Give Stars and Stripes some slack, RM — we’re coming up to the 50th anniversary of the death of his hero, that great American patriot Joseph McCarthy, and doubtless he’s pining for the days when kangaroo courts could send liberals to prison simply for exercising their constitutional right to silence.
237. couldn’t agree more. there was a tentative plan of Ken’s to do with radial cycling routes - if done properly this could be revolutionary. i don’t know where we are at now - both Boris and Ken made pro-cycling noises but i wasn’t exactly wowed by either on this issue
241. yep, agree with that.
I’ve long since given up on using Public Transport.
Ever since I returned from Vienna, in fact. There, everyone used the system in a way that is hard to imagine happening here where outside of London, buses are for failures.
However, I do now live in a country area in Cumbria and I have only two buses a day into and out of Kendal! Don’t get much use out of the Pension Free Pass.
And I was staggered the other day to find my wife paid £4.05 for a 15-minute journey because she travelled before 09:15.
As a lad I remember a journey of that length used to cost the same as a daily newspaper.
Dedicated cycle routes are an excellent idea. Cyclists are a menace to drivers and pedestrians and need to be got off the roads as much as possible.
235. But they had to - and did - relay the lines along the same pre-war routes!
246. they are a great idea, although not for the entirely fallacious reason you give.
London does so well because of TFL and the regulation of public transport - the Oyster Card, for instance, demonstrates that there’s now a good integrated approach so you can pretty much use every bus and tube you need to get from A to B.
A lot of European cities work very similarly. A ticket usually allows you on all public transport in the city, usually for 24 hours or so.
I would like to see this rolled out more in our big cities, and (yes, shock of shocks) I think one of the problems we currently have are the private transport companies, especially the buses, do not like being regulated.
Of course, despite many of our big cities’ urban areas being much larger than their European counterparts, outside of London we still don’t *really* have a city with proper, integrated public transport with buses, trains, trams, subways all working together to connect the city with ease.
I would support the Manchester C Charge (I am living in Manchester from next year) but one of the problems I have with it is that it follows the typical NuLab line of “We’ll chuck more money your way without strategically planning with travel companies, city planners and residents just how best we can utilise it.”
Manchester is in desperate need of an overseeing authority with democratic accountability.
Bobajob - as a “tourist” in London, where do I get an oyster card - how much does it cost? The posters are full of mumbo jumbo, how do you expect foreigners to manage?
238. It would also destroy many lovely London suburbs – I suspect.

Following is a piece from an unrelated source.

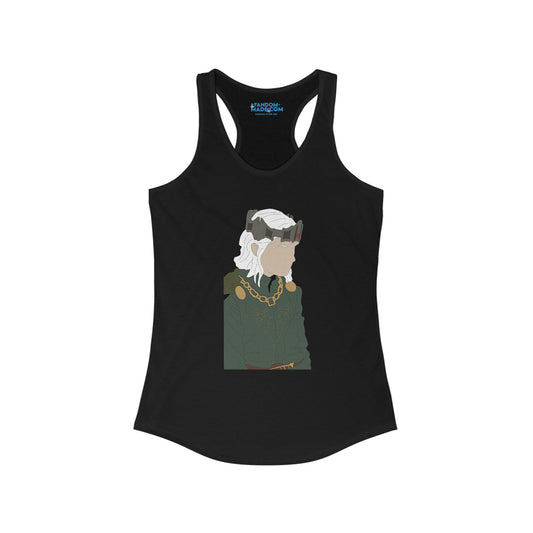 Aegon Targaryen Racerback Tank - Fandom-Made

Hardly worthwhile seeing as 95 per cent of people (or something of that order) commute by public transport.
yeah, 238. is wide of the mark. there are roads that need upgrading, but the real problems are with too many cars on the road, usually really badly and selfishly driven
251- Look at the Boston Big Dig, or the Dublin Port Tunnel. OK it would cost so much money that it probably isnt worth it to build motorway tunnels of that length, but London suffers by only having half a inner ring road and the M23 and M3 not extending further into London.
250. Just walk up in any tube station and get one, or maybe you can order online. They are £3, but you’ll recover that in a day or two on cheaper fares. They are also miles more convenient than tickets as you just swipe them, boys put them in their wallets, girls in their handbags. There was apparantely a trend for city boys just putting the chip underneath their Tag Heuer watches!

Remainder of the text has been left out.